「リアルタイム」で「他者と共に」考える
ファシリテーションとは、会議の司会進行や顧客へのヒアリングなど、他者と話し合いながら共に考えを深めたり、相手の思考を促す営みです。Solvent for 問題解決で見たように、仕事を問題解決とみなせば、ファシリテーションもある種の問題解決を促進しているといえます。

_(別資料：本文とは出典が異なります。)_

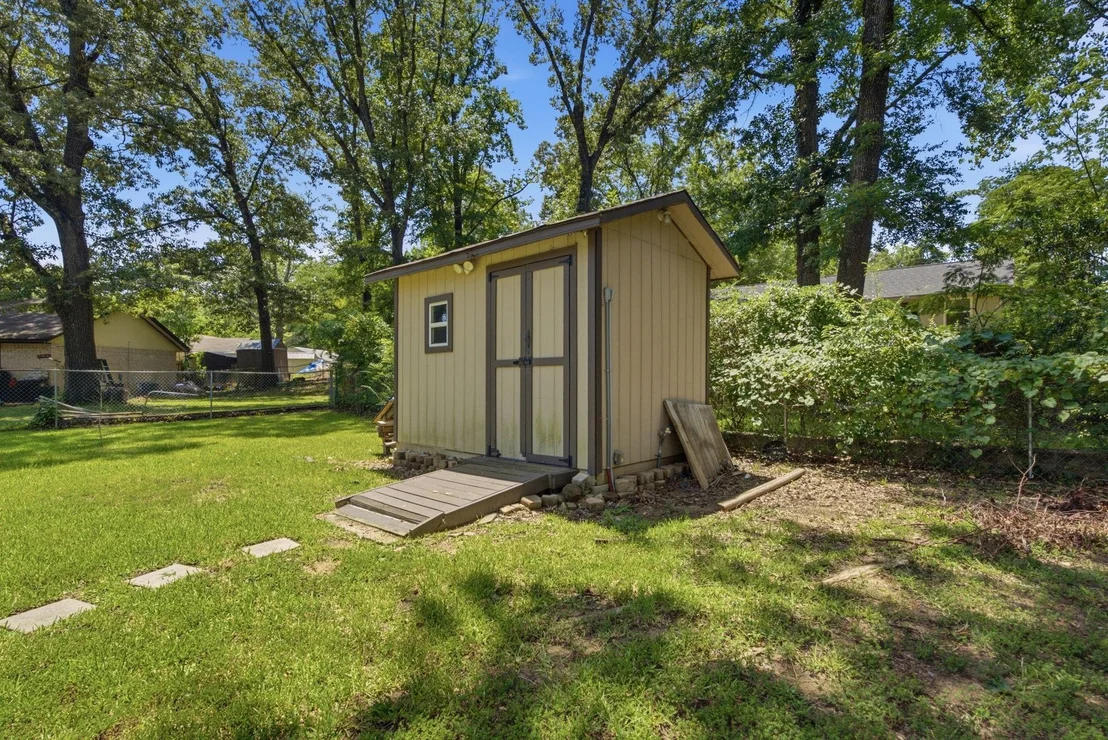 Photo of 2307 Pinkerton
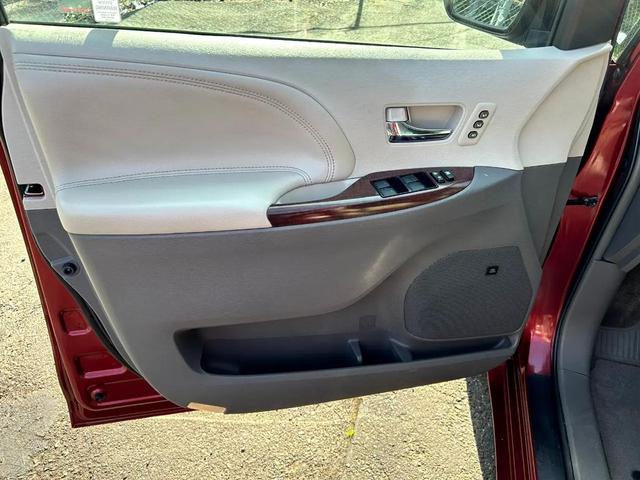 Photo of 2013 Salsa Red Pearl Toyota Sienna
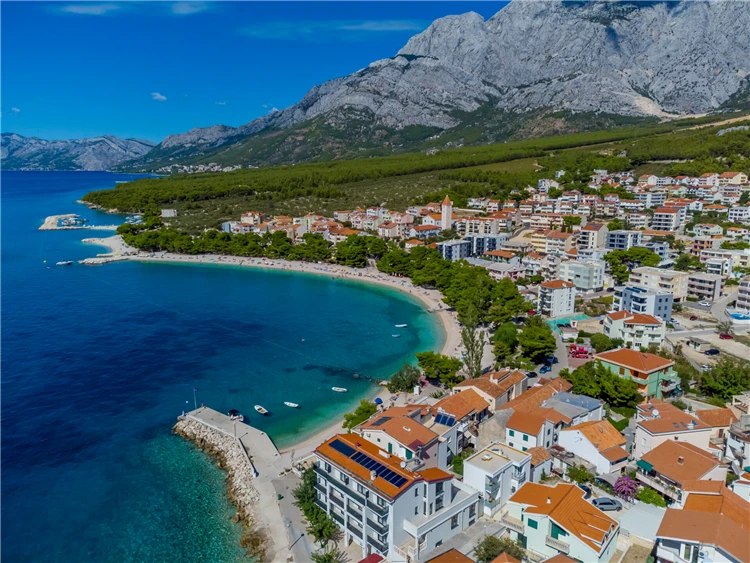 Pláž a moře v Promajně, Chorvatsko | Promajna / Apartmánový dům Apart-pansion
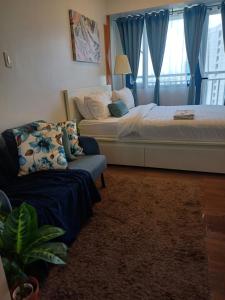 Cozy Suites in Air residence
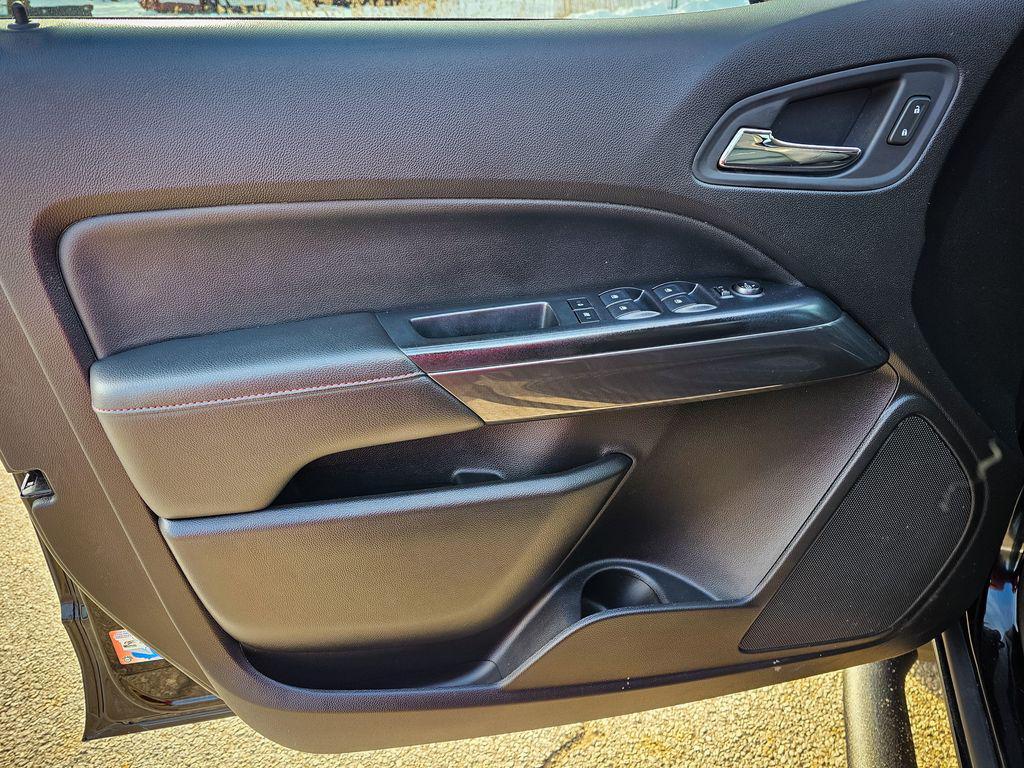 used 2019 GMC Canyon car, priced at $26,900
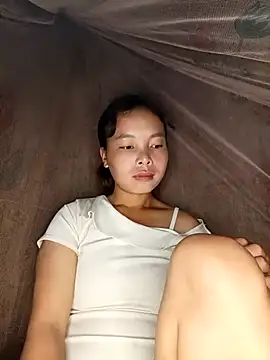 Nguyet2k4 online show from October 15, 2025, 12:55 am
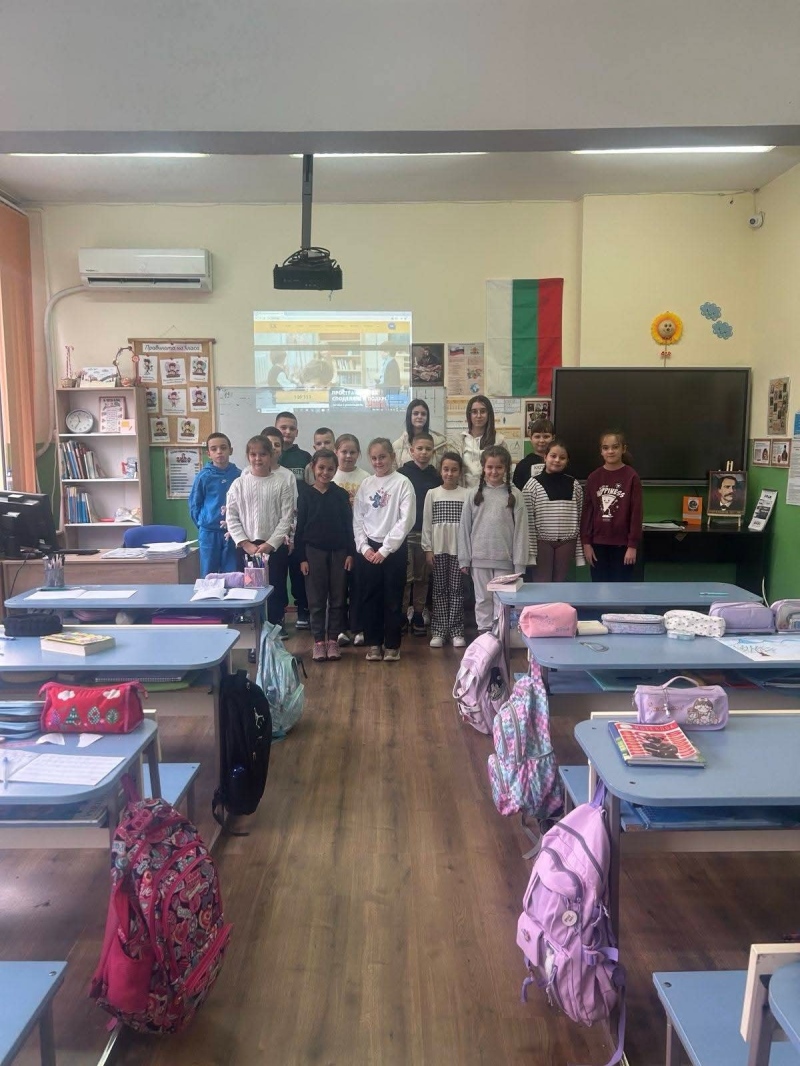 Ученическият съвет в Долно Осеново с информационна кампания за популяризиране на линията за помощ 116 111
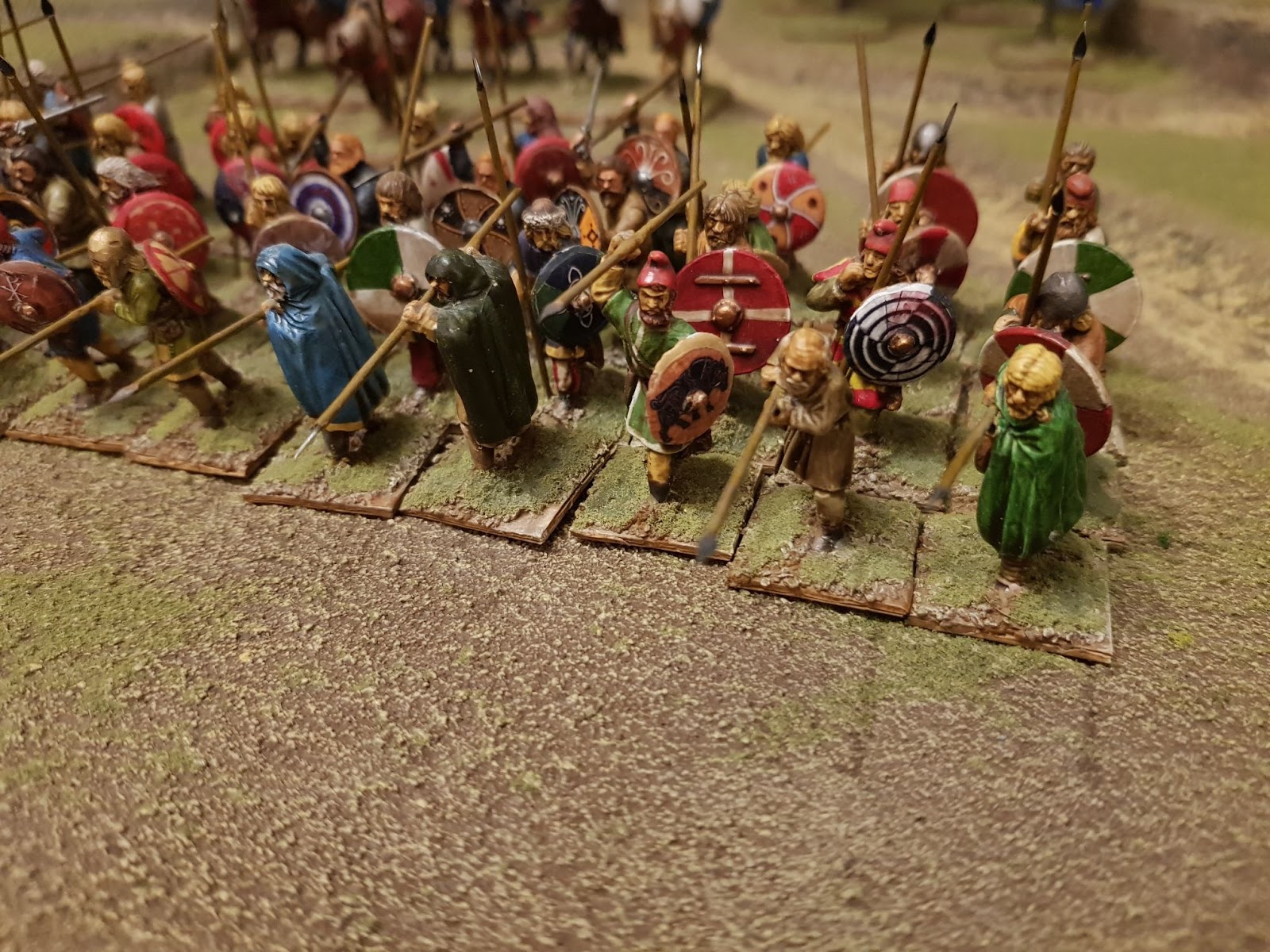 Artus, Ambrosius Aurelianus, Riothamus Die Dreifaltigkeit des Dark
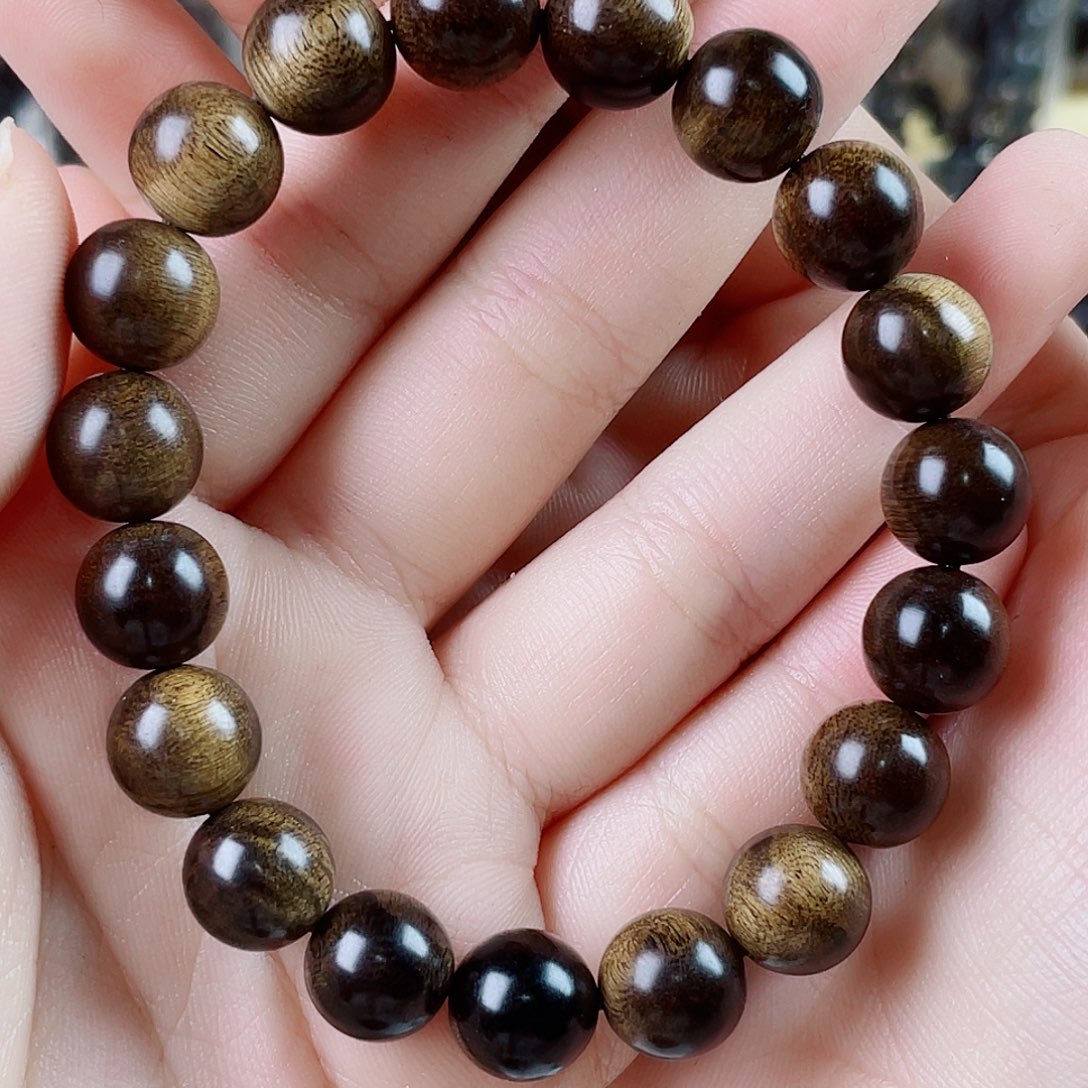 沉香手串@*艳越南芽庄老白棋玉化老料满瘤疤虎斑纹1.0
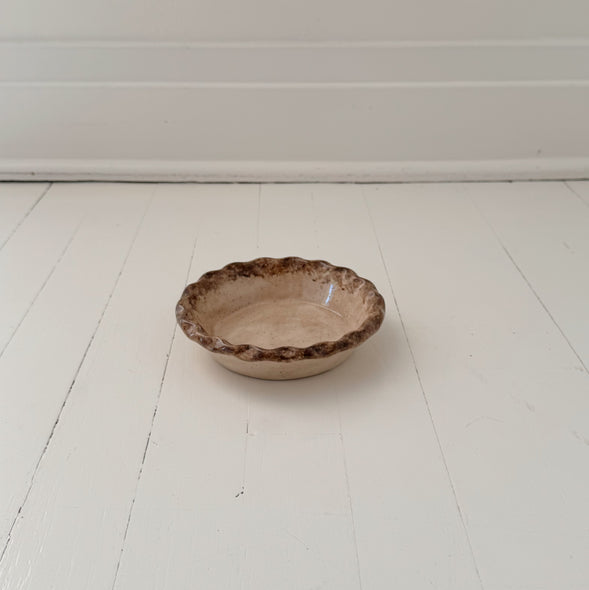 Petite Ceramic Pie Dish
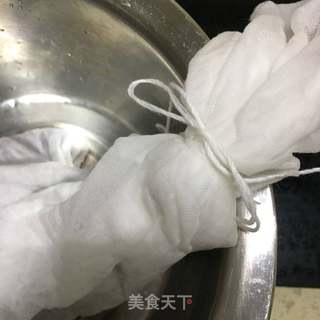 蓝莓酱手搓冰粉的做法步骤:4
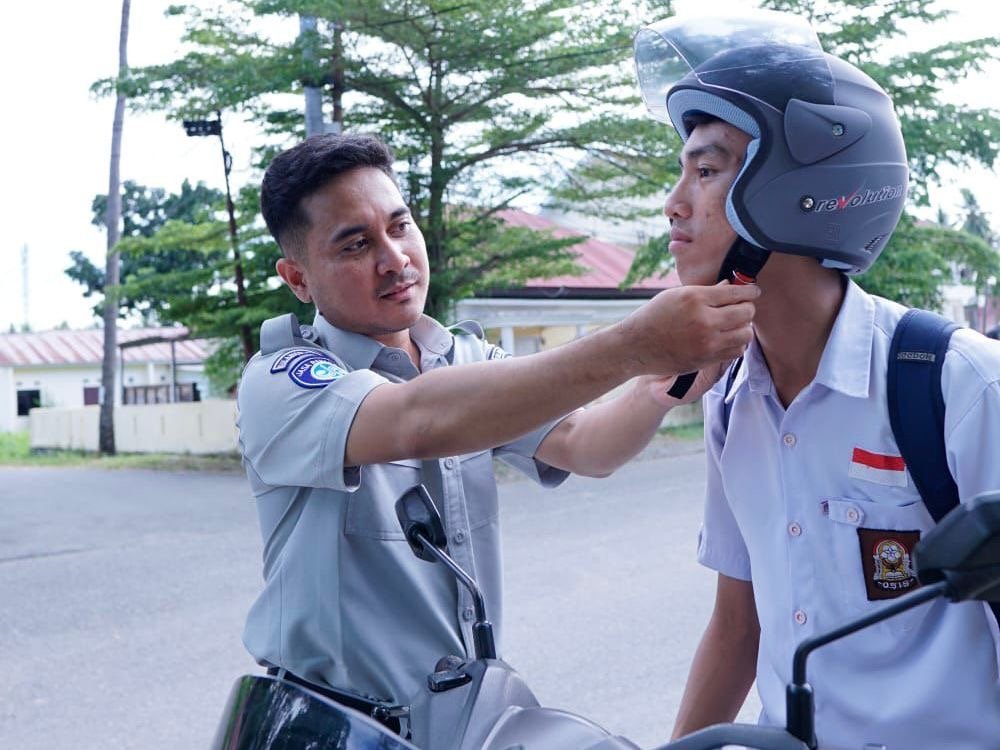Sinergi Jasa Raharja dan Satlantas Polres Pasangkayu Gelar Operasi Keselamatan Marano 2026, Bagikan Helm Gratis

ただし、独りで紙や画面に向かって考えるのとは大きく違う点があります。それは場や相手がいるということ。会話はリアルタイムで進行しますから、相手の話を理解したうえで、次に何を聞くかを考えて質問し、結果として場が満足するような問題解決のストーリーを一緒に作り上げる必要があります。この「リアルタイム性」と「他者思考の理解」、そして「場への共有」がファシリテーションの難所です。
4マス原則による論点整理
図1は、わたしたちが顧客ヒアリングを行ったときのホワイトボードイメージを(一部編集して)再現したものです。新任の支店長が現場の責任者としてやっていけるように支援したいというテーマでした。
お客様には自由に話していただきます。こちらは4マスを念頭に置いて話を聞き、該当する(仮想の)マスにメモを取っていきます。埋まらないマスがあれば質問をします。マスが埋まってきたらストーリーをチェックし、不明瞭な点があればやはり質問をして補っていきます。
図の端に書いたような「未来×結果」といった論点は書きませんが、4マスの構成はシンプルでストーリーを容易に把握できます。あるとき、お客様から「相談している件とは別に、そのまとめ方を皆に教えてやってくれ」というリクエストをいただいたことが、こうして一つの方法論としてリリースするきっかけになりました。